Tissue‐specific requirement for TGF‐β signaling during craniofacial development

Abstract

Members of the transforming growth factor‐β (TGF‐β) superfamily mediate a wide range of biological activities, including cell proliferation, differentiation, extracellular matrix formation, and induction of homeobox genes, suggesting that TGF‐β signaling is important in pattern formation and organogenesis. During craniofacial development, TGF‐β is expressed in the craniofacial epithelium and the cranial neural crest (CNC) derived mesenchyme, suggesting tissue‐specific functions in regulating craniofacial development.

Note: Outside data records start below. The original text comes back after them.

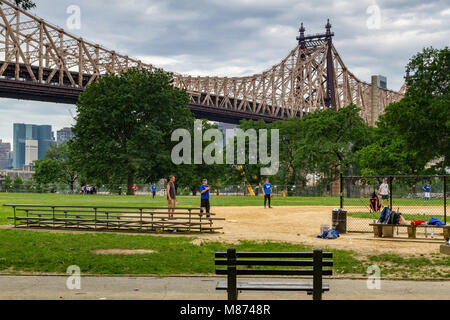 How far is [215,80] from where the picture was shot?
100 m

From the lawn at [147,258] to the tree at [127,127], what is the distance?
3620cm

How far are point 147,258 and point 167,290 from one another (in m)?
3.60

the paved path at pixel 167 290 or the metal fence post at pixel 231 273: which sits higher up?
the metal fence post at pixel 231 273

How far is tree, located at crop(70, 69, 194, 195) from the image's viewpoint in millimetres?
53188

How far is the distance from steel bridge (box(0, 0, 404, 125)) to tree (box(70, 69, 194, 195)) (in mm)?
14483

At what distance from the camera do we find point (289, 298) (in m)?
8.52

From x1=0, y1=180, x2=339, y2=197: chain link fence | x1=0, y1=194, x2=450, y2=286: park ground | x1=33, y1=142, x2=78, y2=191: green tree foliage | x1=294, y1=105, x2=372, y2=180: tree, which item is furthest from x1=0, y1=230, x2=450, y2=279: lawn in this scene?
x1=33, y1=142, x2=78, y2=191: green tree foliage

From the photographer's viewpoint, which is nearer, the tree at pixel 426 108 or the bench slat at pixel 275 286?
the bench slat at pixel 275 286

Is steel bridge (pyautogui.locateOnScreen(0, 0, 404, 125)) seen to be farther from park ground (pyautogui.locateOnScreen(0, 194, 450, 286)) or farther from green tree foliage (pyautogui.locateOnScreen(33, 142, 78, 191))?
park ground (pyautogui.locateOnScreen(0, 194, 450, 286))

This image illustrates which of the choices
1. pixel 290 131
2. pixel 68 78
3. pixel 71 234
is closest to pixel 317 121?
pixel 290 131

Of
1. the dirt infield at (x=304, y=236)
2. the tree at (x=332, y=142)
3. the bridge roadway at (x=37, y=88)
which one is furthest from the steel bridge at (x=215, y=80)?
the dirt infield at (x=304, y=236)

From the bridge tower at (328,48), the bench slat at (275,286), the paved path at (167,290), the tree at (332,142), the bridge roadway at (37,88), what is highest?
the bridge tower at (328,48)

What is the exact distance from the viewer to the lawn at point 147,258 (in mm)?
11203

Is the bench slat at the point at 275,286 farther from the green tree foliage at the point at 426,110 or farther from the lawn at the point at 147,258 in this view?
the green tree foliage at the point at 426,110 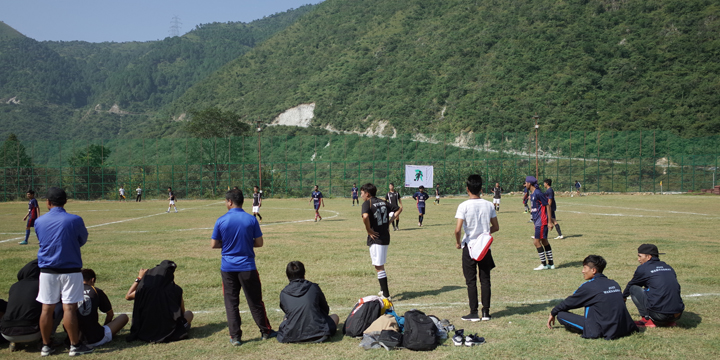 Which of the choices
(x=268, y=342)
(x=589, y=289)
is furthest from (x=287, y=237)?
(x=589, y=289)

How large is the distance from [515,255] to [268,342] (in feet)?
29.5

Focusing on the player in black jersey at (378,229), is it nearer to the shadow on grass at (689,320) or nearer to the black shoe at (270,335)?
the black shoe at (270,335)

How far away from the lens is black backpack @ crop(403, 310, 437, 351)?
21.2 feet

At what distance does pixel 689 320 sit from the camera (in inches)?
299

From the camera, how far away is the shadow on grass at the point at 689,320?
735 cm

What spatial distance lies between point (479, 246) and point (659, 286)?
8.45 feet

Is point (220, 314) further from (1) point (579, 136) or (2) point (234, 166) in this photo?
(1) point (579, 136)

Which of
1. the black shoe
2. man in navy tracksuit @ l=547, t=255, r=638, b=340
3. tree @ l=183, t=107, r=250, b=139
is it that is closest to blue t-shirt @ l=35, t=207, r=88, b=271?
the black shoe

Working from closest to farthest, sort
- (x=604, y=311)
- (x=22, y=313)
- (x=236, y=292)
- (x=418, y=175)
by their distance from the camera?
(x=22, y=313) → (x=604, y=311) → (x=236, y=292) → (x=418, y=175)

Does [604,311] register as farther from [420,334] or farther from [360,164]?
[360,164]

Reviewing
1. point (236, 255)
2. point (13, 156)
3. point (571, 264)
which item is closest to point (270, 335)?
point (236, 255)

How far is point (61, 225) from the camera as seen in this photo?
20.6 feet

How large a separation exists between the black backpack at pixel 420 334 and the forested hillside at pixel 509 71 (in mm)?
69337

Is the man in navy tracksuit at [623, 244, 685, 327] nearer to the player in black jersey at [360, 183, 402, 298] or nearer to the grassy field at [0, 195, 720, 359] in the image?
the grassy field at [0, 195, 720, 359] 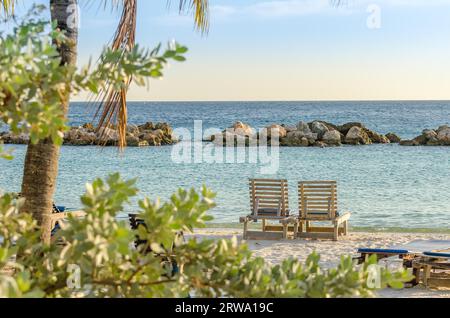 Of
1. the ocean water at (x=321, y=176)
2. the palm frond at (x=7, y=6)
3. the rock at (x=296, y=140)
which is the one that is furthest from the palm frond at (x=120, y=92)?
the rock at (x=296, y=140)

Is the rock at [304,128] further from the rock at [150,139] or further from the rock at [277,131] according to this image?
the rock at [150,139]

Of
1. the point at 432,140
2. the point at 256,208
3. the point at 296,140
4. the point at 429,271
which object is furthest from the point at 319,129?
the point at 429,271

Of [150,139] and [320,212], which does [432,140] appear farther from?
[320,212]

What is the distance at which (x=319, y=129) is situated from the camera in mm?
40500

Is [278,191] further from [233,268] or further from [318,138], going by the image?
[318,138]

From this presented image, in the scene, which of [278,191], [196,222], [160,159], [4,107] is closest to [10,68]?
[4,107]

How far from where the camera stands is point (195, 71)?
58.5 metres

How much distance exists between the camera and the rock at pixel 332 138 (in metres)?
39.0

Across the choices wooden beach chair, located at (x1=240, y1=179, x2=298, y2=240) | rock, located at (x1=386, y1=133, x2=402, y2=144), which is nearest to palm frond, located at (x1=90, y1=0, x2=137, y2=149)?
wooden beach chair, located at (x1=240, y1=179, x2=298, y2=240)

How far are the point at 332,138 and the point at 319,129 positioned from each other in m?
1.56

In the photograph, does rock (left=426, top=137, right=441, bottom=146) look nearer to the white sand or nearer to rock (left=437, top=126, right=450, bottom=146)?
rock (left=437, top=126, right=450, bottom=146)

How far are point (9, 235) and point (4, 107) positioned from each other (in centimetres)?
39

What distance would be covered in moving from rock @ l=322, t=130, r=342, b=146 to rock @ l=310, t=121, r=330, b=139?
438 millimetres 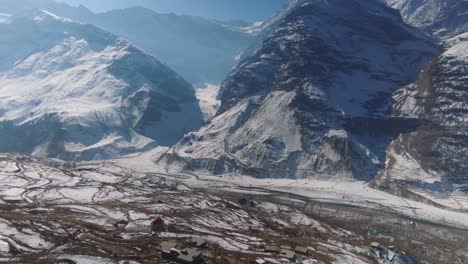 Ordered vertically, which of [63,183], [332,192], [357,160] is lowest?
[63,183]

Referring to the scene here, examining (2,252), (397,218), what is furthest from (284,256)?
(397,218)

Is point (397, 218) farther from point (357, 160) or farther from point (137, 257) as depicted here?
point (137, 257)

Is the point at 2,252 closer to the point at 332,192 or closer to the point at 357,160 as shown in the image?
the point at 332,192

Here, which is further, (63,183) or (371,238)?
(63,183)

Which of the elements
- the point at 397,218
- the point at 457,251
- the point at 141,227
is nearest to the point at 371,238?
the point at 457,251

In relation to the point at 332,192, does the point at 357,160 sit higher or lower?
higher

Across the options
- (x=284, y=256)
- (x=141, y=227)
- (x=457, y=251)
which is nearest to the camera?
(x=284, y=256)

To investigate the tissue‐specific requirement of TGF‐β signaling, we generated animal models with epithelim or CNC‐derived mesenchyme specific inactivation of Tgfbr2 gene and investigated the molecular mechanism of TGF‐β signaling in regulating the fate of craniofacial epithelial or the CNC mesenchyme cells, respectively. Using mice with conditional inactivation of Tgfbr2 in the epithelium, we show that TGF‐β signaling is specifically required for regulating palate fusion and skin development. At the cellular level, TGF‐β signaling is critical for mediating apoptosis of MEE cells during palatal fusion. On the other hand, conditional Tgfbr2 gene ablation in the CNC resulted in complete cleft secondary palate, calvaria agenesis, and other skull defects with complete phenotype penetrance. Significantly, disruption of the TGF‐β signaling does not adversely affect CNC migration. Cleft palate in Tgfbr2 mutant mice results from a cell proliferation defect within the CNC‐derived palatal mesenchyme. The midline epithelium of the mutant palatal shelf remains functionally competent to mediate palatal fusion once the palatal shelves are placed in close contact in vitro. Our data suggests that TGF‐β IIR plays a critical, cell autonomous role in regulating the fate of MEE and CNC cells during palatogenesis. To explore the molecular mechanism of TGF‐β signaling in regulating craniofacial development, we analyzed downstream target genes affected by altered TGF‐β signaling in either the epithelium or the CNC‐derived mesenchyme. Comprehensive analysis reveals specific TGF‐β signaling network in regulating craniofacial development. Collectively, our study demonstrates that TGF‐β signaling plays an essential role in cell fate determination of the craniofacial epithelium and the CNC‐derived mesenchyme and provides a model for the study of abnormal craniofacial development.